Bookmarked and ready to go. Thanks


----------



## redquilter (Jun 24, 2011)

Took a quick look but I can see I'm gonna have to go back when I have lots more time. Great place. Thanks for passing it on.


----------



## MissNettie (Dec 15, 2012)

They have great lists, but when I tried to get an actual pattern, I got a blank page. Tried it three times on different patterns and gave up.


----------



## Nelly 58 (Oct 30, 2012)

Thanks. It worked for me. I do love freebies


----------



## Mags1956 (Sep 15, 2012)

Thank you for sharing.


----------



## mrscp1946 (Mar 26, 2011)

http://www.knittingqueen.com/ here is a direct link. thanks for the site, looks good


----------



## cabbagehome (Dec 23, 2011)

Thanks for the link. I just did an hour there, and I only looked at babies.


----------



## Marylou12 (Dec 11, 2011)

Great site! Thanks!


----------



## Carol J. (Jan 27, 2011)

Very nice web site for free patterns, checked out the Vintage line and found my afghan, Feather and Fan, that I made in the 60's and still have on my bed.
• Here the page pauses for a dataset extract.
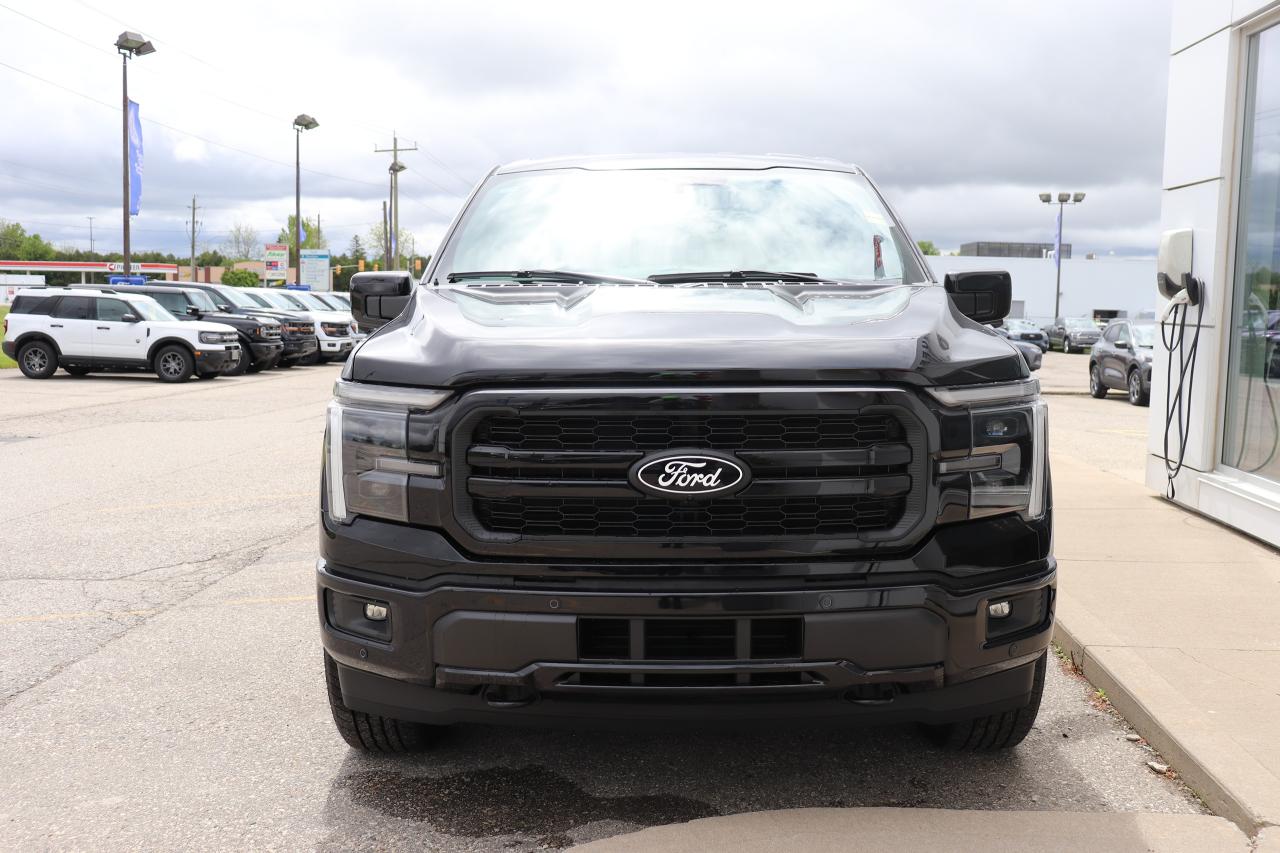 2025 Ford F-150 Lariat 4WD SuperCrew 5.5' Box Photo4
Same colors too.

Carol J.


----------



## whitetail (Feb 19, 2011)

Thanks for link, lots to check out.


----------



## hgayle (Aug 22, 2011)

MissNettie said:


> They have great lists, but when I tried to get an actual pattern, I got a blank page. Tried it three times on different patterns and gave up.


Some are good, others aren't. I've had trouble before with links to Berrocco patterns.


----------



## KnitterNatalie (Feb 20, 2011)

Interesting site. Thanks for sharing!!


----------



## pzoe (Mar 17, 2011)

mrscp1946 said:


> http://www.knittingqueen.com/ here is a direct link. thanks for the site, looks good


Thanks for the direct link. Thanks to original poster. This site is amazing.

Pzoe


----------



## vayankee (May 5, 2011)

A wealth of information and patterns on that site! Thank you!


----------



## cathyknits (Nov 1, 2012)

Thanks!


----------



## Lalane (Aug 23, 2011)

Awesome site, thank you.


----------



## breeze075 (May 12, 2012)

What a great site! Thank you!


----------



## Roe (Feb 10, 2011)

I got lost in the shawl section for about an hour. Saved the link so I can spend time looking further. thanks


----------



## oannejay (Apr 12, 2012)

WOW, there is so much here!


----------



## BrandySears (Feb 4, 2013)

Fabulous. Thanks for the link; I bookmarked it.


----------



## mom of four (Oct 16, 2011)

Thanks for posting. Looooots of great patterns!


----------



## oma lisa (Jan 25, 2011)

Great site !!! 
Thanks for sharing


----------



## ElisabethR45 (Nov 5, 2019)

[No message]


----------